Head below for the full list of science fiction titles heading your way in May!

Keep track of all the new releases here. Note: All title summaries are taken and/or summarized from copy provided by the publisher.

 

WEEK ONE

The Warship (Rise of the Jain #2)—Neal Asher (May 7, Night Shade)

The haiman Orlandine, charged with safeguarding lethal Jain tech swirling inside an accretion disc located in the distant reaches of space, has weaponized a black hole to eliminate the threat. But others are suspicious of her motives, and both the Polity AIs and the leaders of the alien prador kingdom dispatch fleets of warships in anticipation of conflict.

As the black hole continues to eat its way through the planets in the accretion disc, making its way towards a dead sun, it becomes clear the disc has been hiding a larger secret. Nefarious forces with ulterior motives have manipulated Orlandine into deploying the black hole, triggering a series of larger events that will uncover a danger far older than even the Polity itself.

Exhalation: Stories—Ted Chiang (May 7, Knopf)

From the acclaimed author of Stories of Your Life and Others—the basis for the Academy Award-nominated film Arrival—comes a groundbreaking new collection of short fiction: nine stunningly original, provocative, and poignant stories. These are tales that tackle some of humanity’s oldest questions along with new quandaries only Ted Chiang could imagine.

In “The Merchant and the Alchemist’s Gate,” a portal through time forces a fabric seller in ancient Baghdad to grapple with past mistakes and second chances. In “Exhalation,” an alien scientist makes a shocking discovery with ramifications that are literally universal.

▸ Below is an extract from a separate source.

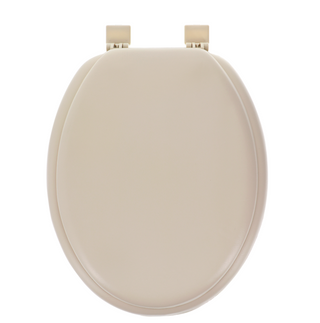 Home+Solutions Champagne Elongated Soft Cushioned Toilet Seat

In “Anxiety Is the Dizziness of Freedom,” the ability to glimpse into alternate universes necessitates a radically new examination of the concepts of choice and free will.

Including stories being published for the first time as well as some of his rare and classic uncollected work, Exhalation is Ted Chiang at his best: profound, sympathetic—revelatory.

Tangle’s Game—Stewart Hotston (May 7, Abaddon)

Yesterday, Amanda Back’s life was flawless: the perfect social credit score, the perfect job, the perfect home.

Today, Amanda is a target, an enemy of the system holding information dangerous enough to disrupt the world’s all-consuming tech—a fugitive on the run.

But in a world where an un-hackable blockchain links everyone and everything, there is nowhere to run…

Snakeskins—Tim Major (May 7, Titan Books)

Caitlin Hext’s first shedding ceremony is imminent, but she’s far from prepared to produce a Snakeskin clone. When her Skin fails to turn to dust as expected, she must decide whether she wishes the newcomer alive or dead.

Worse still, it transpires that the Hext family may be of central importance to the survival of Charmers, a group of people with the inexplicable power to produce duplicates every seven years and, in the process, rejuvenate. In parallel with reporter Gerry Chafik and government aide Russell Handler, Caitlin must prevent the Great British Prosperity Party from establishing a corrupt new world order.

Octavia Gone (Alex Benedict #8)—Jack McDevitt (May 7, Saga Press)

After his return from space, Gabe is trying to find a new life for himself after being presumed dead—just as Alex and Chase are trying to relearn how to live and work without him. But when a seemingly alien artifact goes missing from Gabe’s old collection, it grants the group a chance to dive into solving the mystery of its origins as a team, once again.

When a lead on the artifact is tied to a dead pilot’s sole unrecorded trip, another clue seems to lead to one of the greatest lingering mysteries of the age: the infamous disappearance of a team of scientists aboard a space station orbiting a black hole—the Amelia Earhart of their time. With any luck, Alex, Chase, and Gabe may be on the trail of the greatest archaeological discovery of their careers…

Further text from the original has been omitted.